--- Input data ---

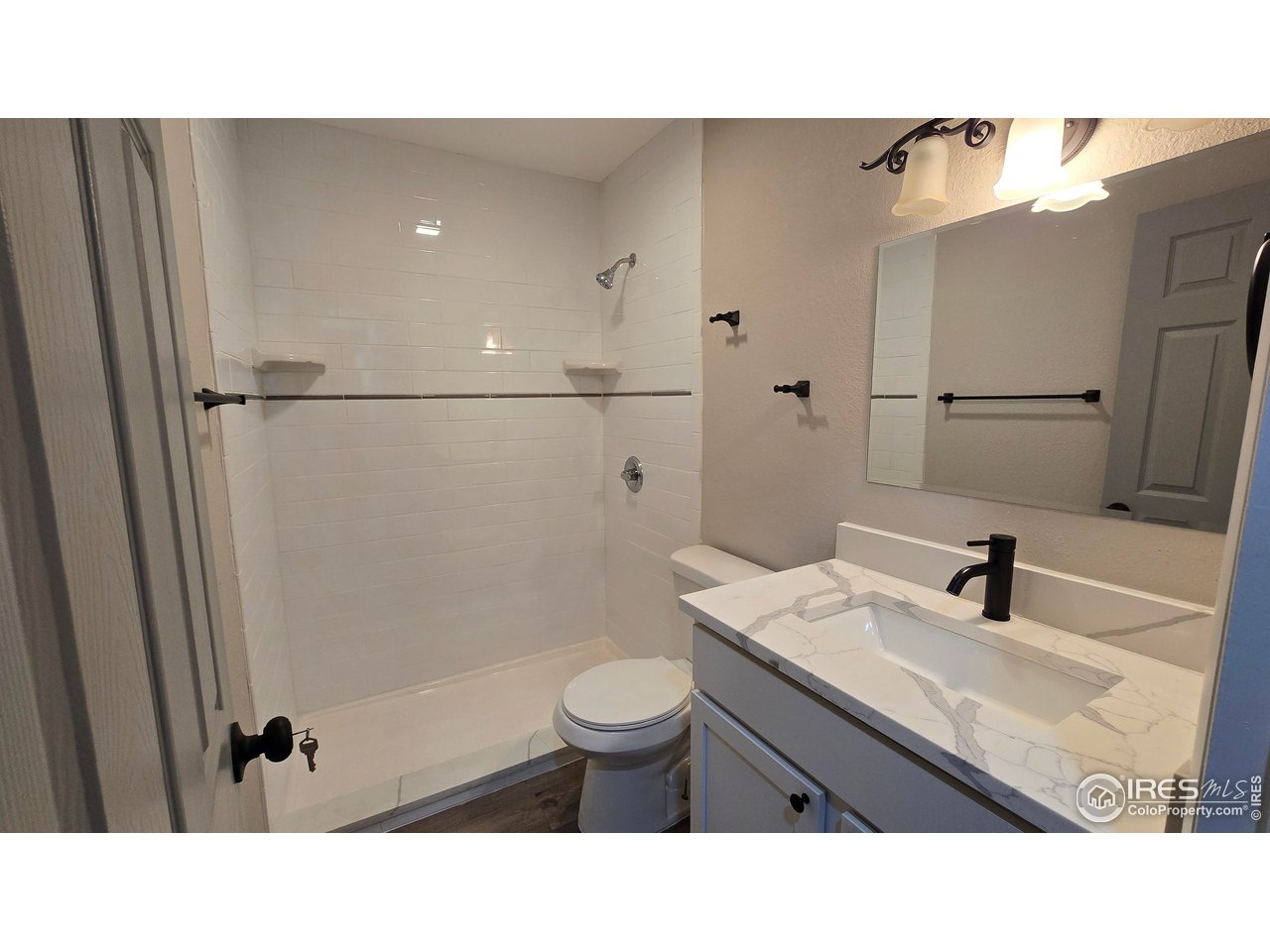 1312 Coolidge Street Sterling, CO 80751 - Photo 18 of 37 MAIN LEVEL 3/4 BATHROOM OFF HALLWAY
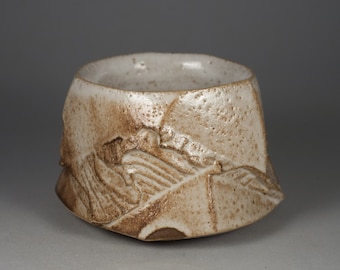 May include: A small, white ceramic bowl with a textured, brown glaze. The bowl has a slightly irregular shape and a wide, rounded rim.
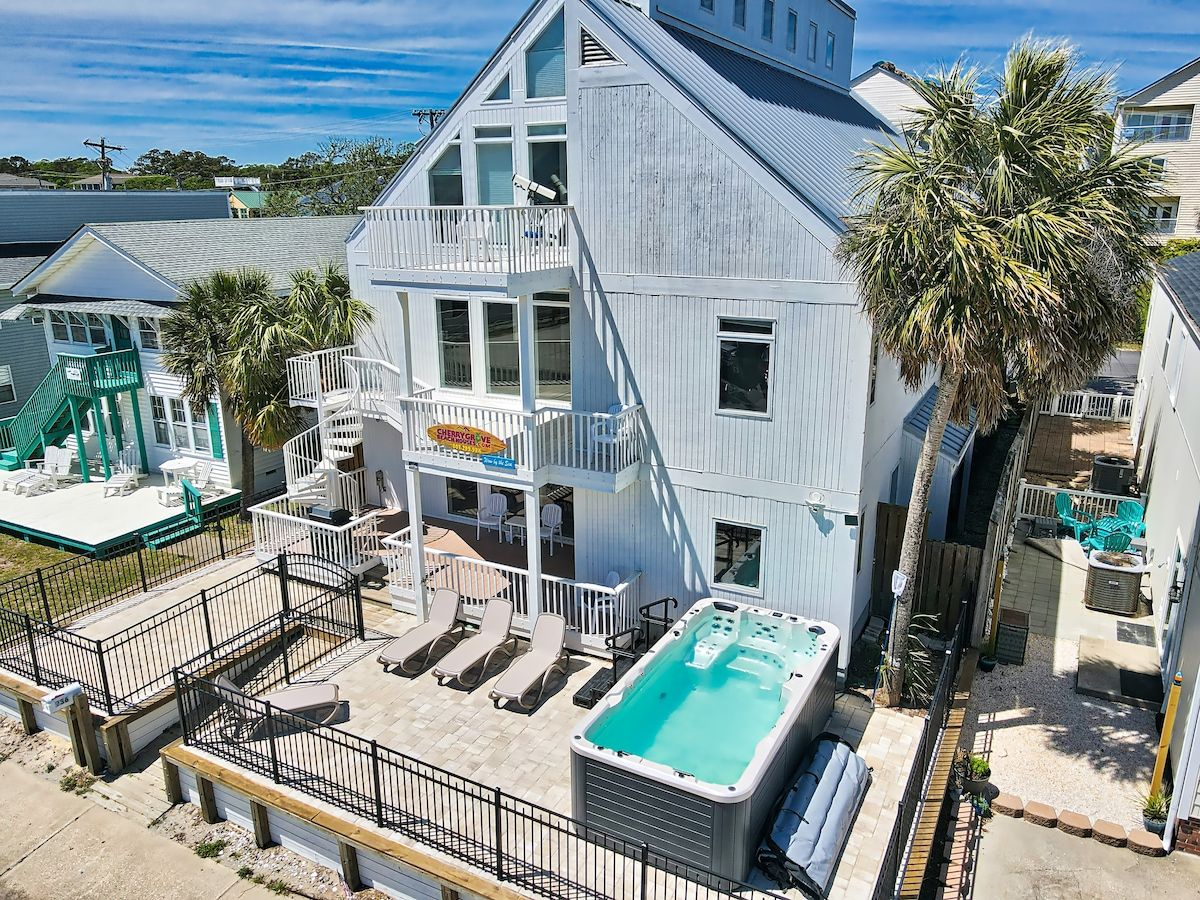 A large house with a pool, outdoor seating, and a sign indicating a restaurant.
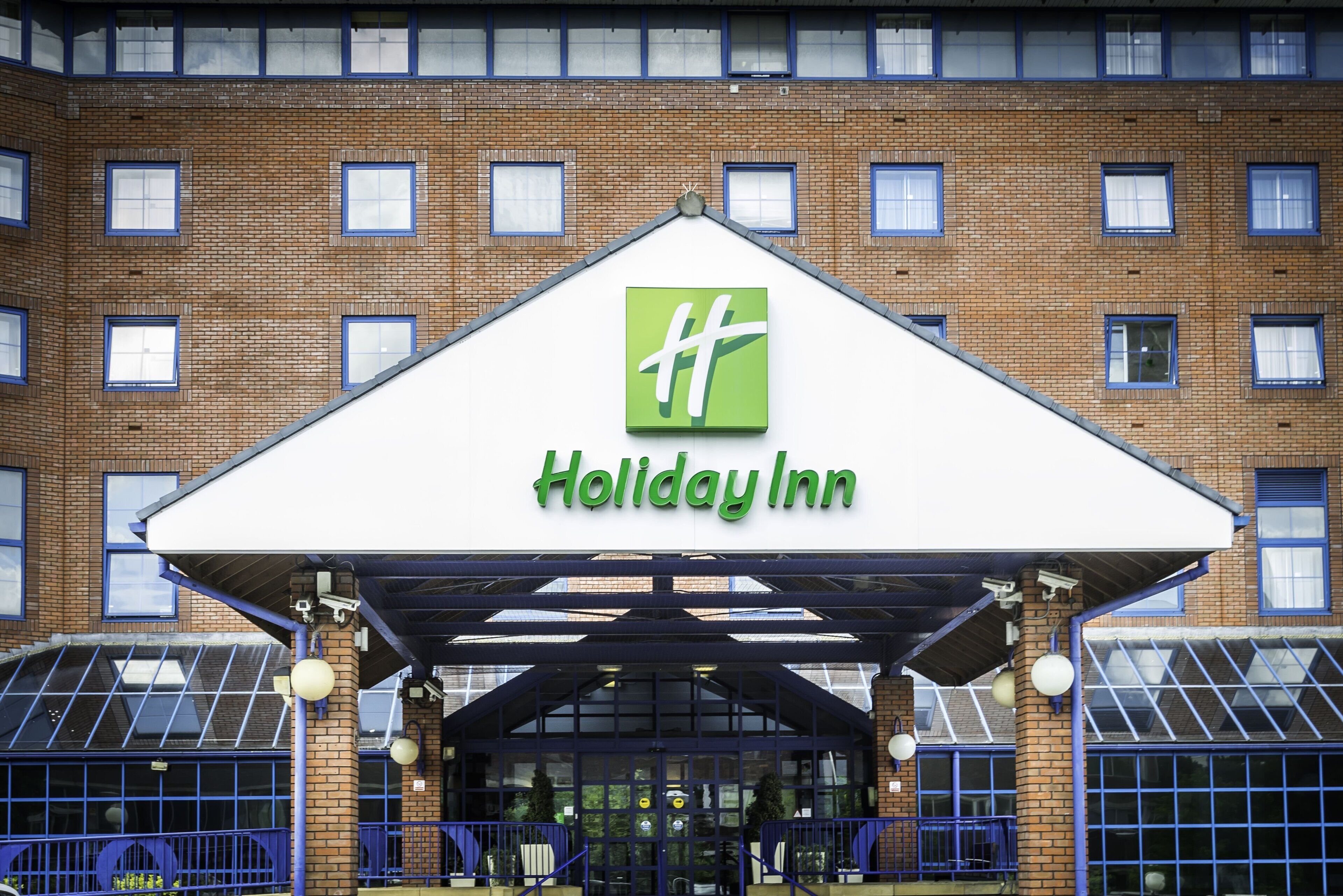 A Holiday Inn hotel entrance with a brick facade, large windows, and a covered entrance area.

---

An exact copy of the lines from the line containing "May include: A" through the final line of the listing, without pictures, is the expected result.

 May include: A small, white ceramic bowl with a textured, brown glaze. The bowl has a slightly irregular shape and a wide, rounded rim.
 A large house with a pool, outdoor seating, and a sign indicating a restaurant.
 A Holiday Inn hotel entrance with a brick facade, large windows, and a covered entrance area.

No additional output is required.